It’s well known that younger drivers are some of the most accident-prone because of their inexperience and reduced maturity.
How do things look at the other end of the scale? Do people keep on getting safer and safer? Or do they reach a point where their driving deteriorates in older age?
Traffic statistics show that in 2020, over 6,500 adults over the age of 65 died in car crashes. A further 230,000 were injured enough as a result of motor vehicle collisions to need hospital treatment.
Age isn’t everything
As you age, your body’s ability to keep you safe while driving will lessen. Your eyes and ears won’t be as able to spot the early signs of trouble, and your brain and muscles won’t be able to process that information and react as quickly.

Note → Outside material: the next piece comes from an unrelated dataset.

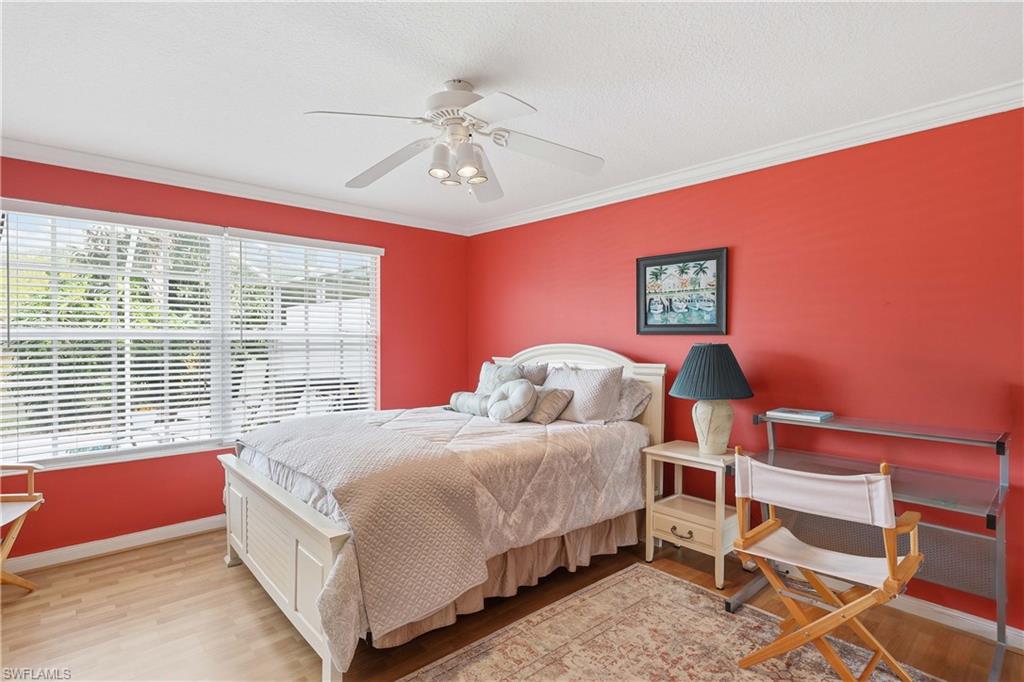 ISLAND WALK - Residential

But that is not the whole picture. Even the National Highway Traffic Safety Administration confirms that it is someone’s ability, not their age alone, that determines whether they are capable of operating a motor vehicle safely.
You might think that why someone was injured or killed in a crash is irrelevant because it is the consequences of the crash that impact lives. Yet it is highly relevant when seeking compensation. If one of your older family members was injured or killed in a crash, you might need legal help to counter claims of the other driver and their insurer that your relative’s age meant they drove poorly and caused the crash. Attributing fault correctly can help you get the compensation your loved one deserves.